16 April 2009

Finally Getting Gaga Over Harlow

At first I didn't quite "get" Jean Harlow. Sure I loved almost every film she was in and I loved her characters, but I just wasn't gaga over her.

In Platinum Blonde (1931) her co star Loretta Young is ever so much lovelier. As seductive and "bad' as Harlow is in Red Headed Woman (1932), she's not up to the standard Barbara Stanwyck sets in Baby Face (1933).

I was missing the point about Harlow. I was guilty of thinking about her with that other brain us men so famously possess. So I was liking her and intrigued by her but felt that maybe she just wasn't my type. Then I got it. (Watch her films enough times and it'll happen.) I stopped just looking and started listening.

Ladies and gents, Jean Harlow was funny as all get out.

The stork's deliveries got nothing on the way Harlow delivers this line from Bombshell (1933): "Is that the way you prove that you just more than care for me? Treating me like a strip act in a burlesque show! A glamorous bombshell, eh? A glorified chump, that's what I've been! Well, I'm sick of it, you understand? With the business and everybody! You can get another "It Girl," a "But Girl" or a "How, When and Where Girl." I'm clearing out, and you can all stay here in this half-paid-for car barn and get somebody else to pull the apple cart!" It's rapid fire but with just the right inflections. Harlow spits out words and sentences like they're hers to do with as she pleases.

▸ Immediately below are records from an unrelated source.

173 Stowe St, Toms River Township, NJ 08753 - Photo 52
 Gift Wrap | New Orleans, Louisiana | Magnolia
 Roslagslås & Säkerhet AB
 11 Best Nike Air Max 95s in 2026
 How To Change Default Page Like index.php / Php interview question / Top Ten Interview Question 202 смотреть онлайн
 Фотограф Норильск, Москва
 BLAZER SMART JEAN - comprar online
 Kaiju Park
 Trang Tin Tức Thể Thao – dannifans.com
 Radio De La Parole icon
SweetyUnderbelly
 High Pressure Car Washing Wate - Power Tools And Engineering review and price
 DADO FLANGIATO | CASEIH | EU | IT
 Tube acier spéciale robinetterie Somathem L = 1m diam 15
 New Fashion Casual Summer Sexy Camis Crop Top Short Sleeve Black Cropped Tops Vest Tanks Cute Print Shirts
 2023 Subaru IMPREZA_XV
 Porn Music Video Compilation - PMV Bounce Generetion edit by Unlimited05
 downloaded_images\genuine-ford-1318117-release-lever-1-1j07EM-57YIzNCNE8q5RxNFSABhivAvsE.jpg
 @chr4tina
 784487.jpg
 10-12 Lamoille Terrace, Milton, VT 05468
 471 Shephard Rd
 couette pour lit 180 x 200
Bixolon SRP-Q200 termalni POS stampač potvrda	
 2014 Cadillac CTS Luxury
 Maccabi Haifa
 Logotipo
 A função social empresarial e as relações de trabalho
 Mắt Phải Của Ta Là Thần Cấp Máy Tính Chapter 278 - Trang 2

And say can she do sarcasm? In my favorite of her films, Red Dust, she's an ex hooker on a rubber plantation when she suggests:" I thought we might run up a few curtains and make a batch of fudge while we were planning on what to wear to the country club dance Saturday night." Oh but its the way she says it.

Harlow played smart, funny and wise -- while you thought she was just a looker. In the same film she's more than a match for the worldly, handsome boss played by Gable (why, Clark of course). "You can check the wings and halo at the desk," she tells him.

Some actors have a way with words, Harlow had her with them. I'm gaga now, brudder.

And by god you didn't mess with her or try to get the best of her. In Libeled Lady (1936) she said to Spencer Tracy, "I don't care who he is. Nobody talks to me like a house detective." Spence thought himself wise by responding: "How do you know how a house detective talks?" Harlow fired back with: "Don't you think I read?" Try to one up that dame.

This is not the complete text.